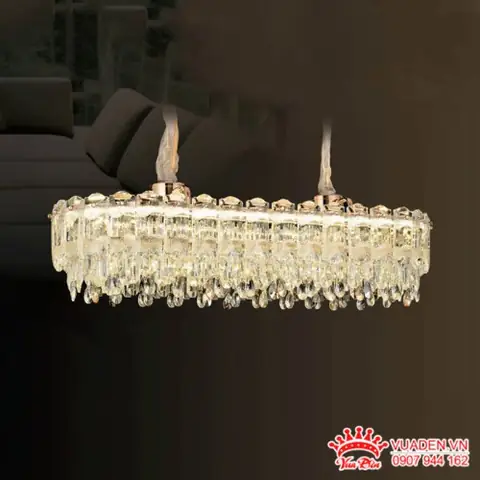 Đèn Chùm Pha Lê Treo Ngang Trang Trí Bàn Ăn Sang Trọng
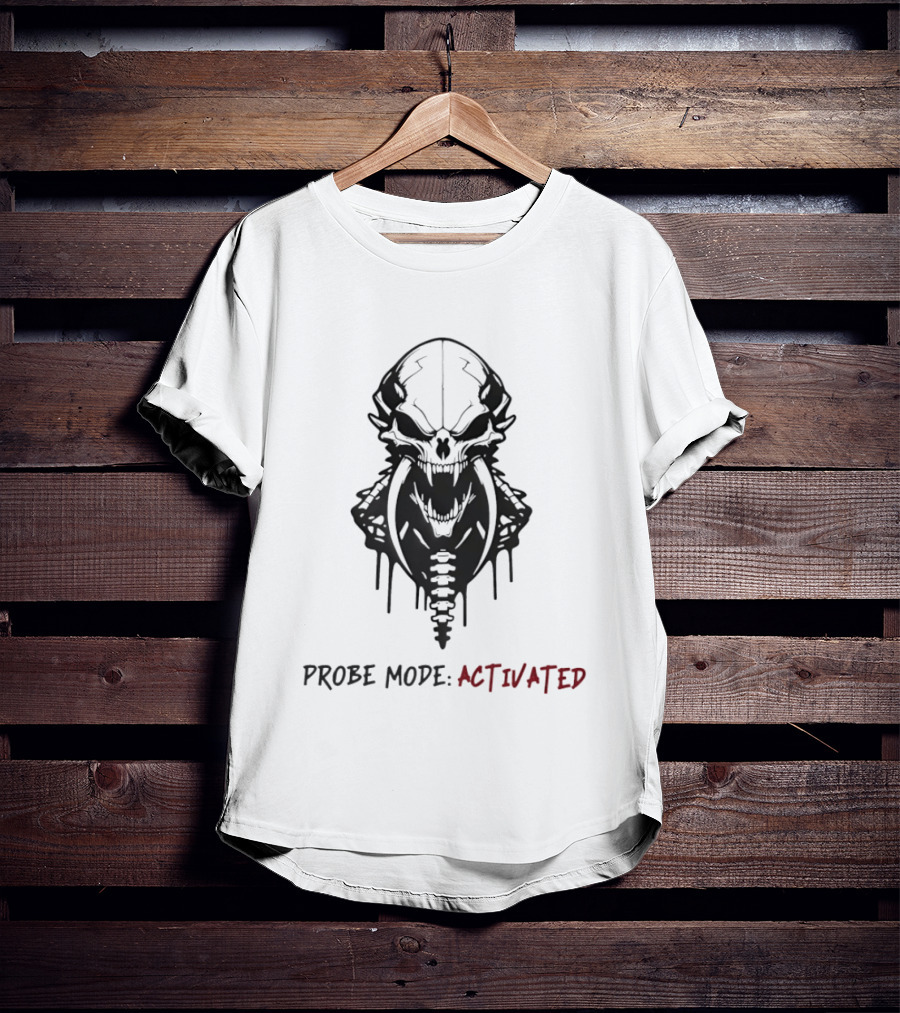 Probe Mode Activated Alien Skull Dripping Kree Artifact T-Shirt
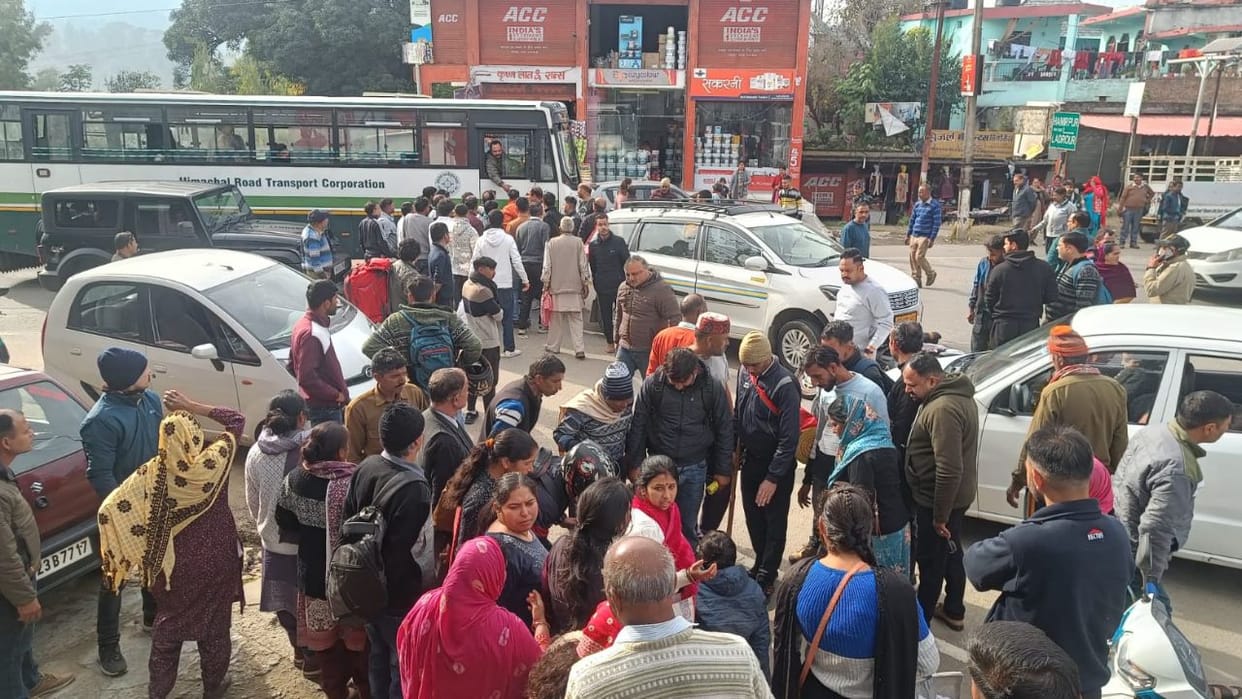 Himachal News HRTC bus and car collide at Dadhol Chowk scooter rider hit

> [What is needed]: After removing the pictures, restate the whole listing above word for word.

> [Solution to the problem]:
 Đèn Chùm Pha Lê Treo Ngang Trang Trí Bàn Ăn Sang Trọng
 Probe Mode Activated Alien Skull Dripping Kree Artifact T-Shirt
 Himachal News HRTC bus and car collide at Dadhol Chowk scooter rider hit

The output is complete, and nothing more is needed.